Waktu Holley sebagai pemimpin redaksi membantu mempersiapkannya untuk menjalankan startup teknologi dalam berbagai cara. "Memimpin tim dan memiliki misi, membuat orang termotivasi untuk mencapai tujuan itu, sangat mudah karena itulah yang dilakukan majalah," katanya. “Itu tidak mudah di majalah; itu cukup kasar. Industri ini mengalami perubahan yang cukup bersejarah. Kami harus berkomitmen dan tidak takut dengan apa yang ada di depan mata — itu sangat membantu." Holley juga memiliki banyak pengalaman sebagai wajah sebuah merek, setelah memimpin Beruntung, ElleGadis, Yahoo! Bersinar dan Jane. Itu juga mempersiapkannya untuk mengumpulkan keberanian untuk meminta dana. Faktanya, tidak banyak yang memiliki peran belum mempersiapkannya untuk melakukannya.

"Menjadi pemimpin redaksi adalah hal yang luar biasa; Saya pikir pemimpin redaksi adalah seseorang yang merupakan pemasar yang memahami konsumen," kata Holley. "Anda terikat pada penonton dan jika Anda bisa menyempurnakan itu — yang menurut saya cukup bagus — maka Anda bisa membawanya ke mana saja; Anda dapat membuat platform e-niaga, Anda dapat membuat produk fisik." 

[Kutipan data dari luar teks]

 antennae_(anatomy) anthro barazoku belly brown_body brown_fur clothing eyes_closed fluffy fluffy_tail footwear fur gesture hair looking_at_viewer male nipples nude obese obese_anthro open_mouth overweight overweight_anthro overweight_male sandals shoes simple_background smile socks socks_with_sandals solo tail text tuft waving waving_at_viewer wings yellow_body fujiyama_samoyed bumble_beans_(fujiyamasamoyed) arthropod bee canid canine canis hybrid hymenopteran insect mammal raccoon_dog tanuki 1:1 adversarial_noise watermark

Pada akhirnya, memiliki gelar pemimpin redaksi hanya berarti apa yang Anda dapatkan darinya, baik saat menjalankan peran tersebut dan setelah Anda pindah darinya. Seperti banyak bidang lain dalam industri fashion, kesuksesan ditemukan dalam kemampuan beradaptasi dan berubah, bukan pada kata-kata di kartu nama. Meskipun ini tentu waktu yang menakutkan di media, ada hikmahnya di lanskap yang berubah.

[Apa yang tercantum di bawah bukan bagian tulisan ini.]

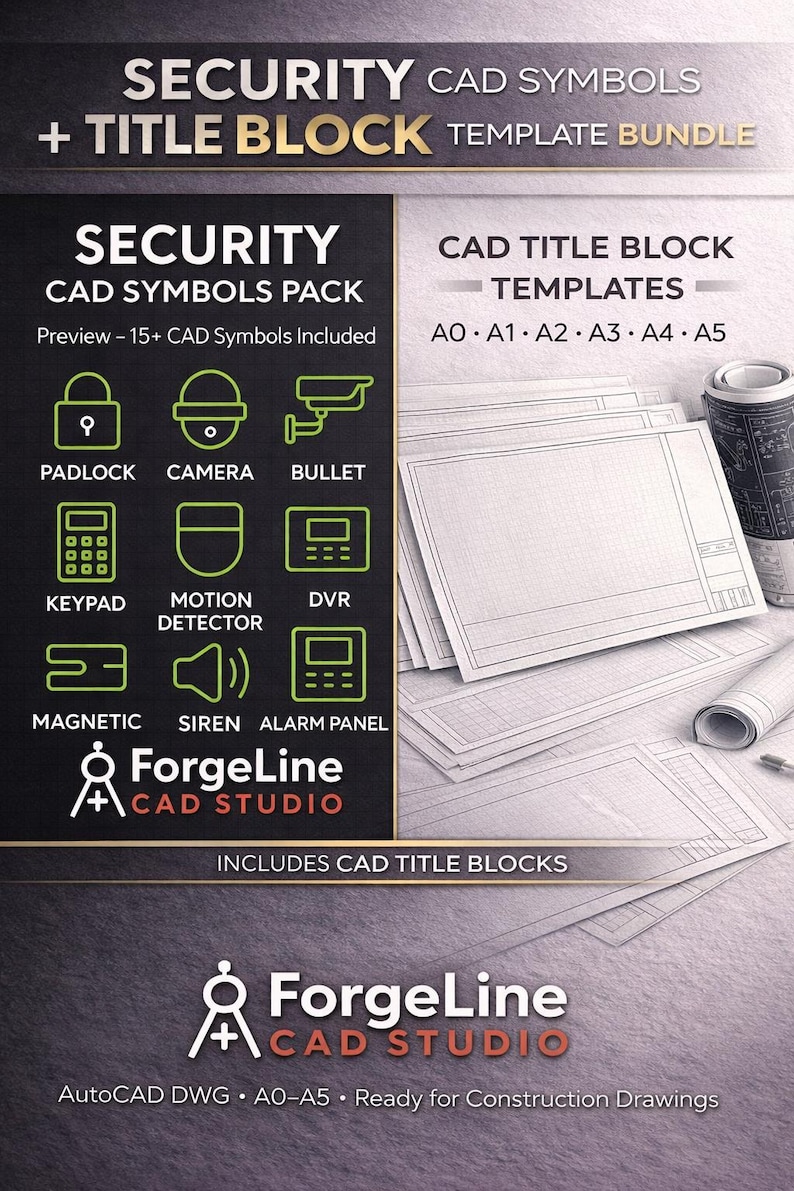 Security CAD Blocks + Title Block Templates | Autocad DWG - Etsy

"Saya tidak pernah berpikir [menjadi pemimpin redaksi] sebagai tujuan akhir, seperti ini dan ketika saya mencapai itu, saya bisa mati; Anda tahu, hidup tidak berjalan seperti itu," kata Wells. "Rasanya sangat optimis mengetahui bahwa ada bab, bukan akhir, dan Anda dapat menulis ulang bab berikutnya."

Ingin berita industri fashion terbaru terlebih dahulu? Mendaftar untuk buletin harian kami.